[Excerpted data — start]

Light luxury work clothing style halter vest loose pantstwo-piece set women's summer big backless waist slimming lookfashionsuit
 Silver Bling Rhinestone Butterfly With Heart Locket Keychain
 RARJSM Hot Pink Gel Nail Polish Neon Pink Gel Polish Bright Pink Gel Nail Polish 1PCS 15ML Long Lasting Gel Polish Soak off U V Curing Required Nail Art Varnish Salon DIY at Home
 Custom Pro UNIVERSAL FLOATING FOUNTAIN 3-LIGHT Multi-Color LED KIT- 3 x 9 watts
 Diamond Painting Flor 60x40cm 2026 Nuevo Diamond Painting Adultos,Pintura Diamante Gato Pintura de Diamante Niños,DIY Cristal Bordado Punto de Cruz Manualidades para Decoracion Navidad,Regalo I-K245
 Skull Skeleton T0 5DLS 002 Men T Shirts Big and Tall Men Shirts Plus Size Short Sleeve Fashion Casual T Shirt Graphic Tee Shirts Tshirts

[Excerpted data — finish]
[Excerpted data — start]

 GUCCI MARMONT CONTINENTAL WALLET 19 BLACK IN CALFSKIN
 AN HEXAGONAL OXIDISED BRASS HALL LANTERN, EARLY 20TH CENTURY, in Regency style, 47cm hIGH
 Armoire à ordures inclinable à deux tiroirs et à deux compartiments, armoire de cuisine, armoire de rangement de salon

[Excerpted data — finish]

Task objective
All lines of the records above that contain the word "style" are to be copied out.

Output of the exercise
Light luxury work clothing style halter vest loose pantstwo-piece set women's summer big backless waist slimming lookfashionsuit
 AN HEXAGONAL OXIDISED BRASS HALL LANTERN, EARLY 20TH CENTURY, in Regency style, 47cm hIGH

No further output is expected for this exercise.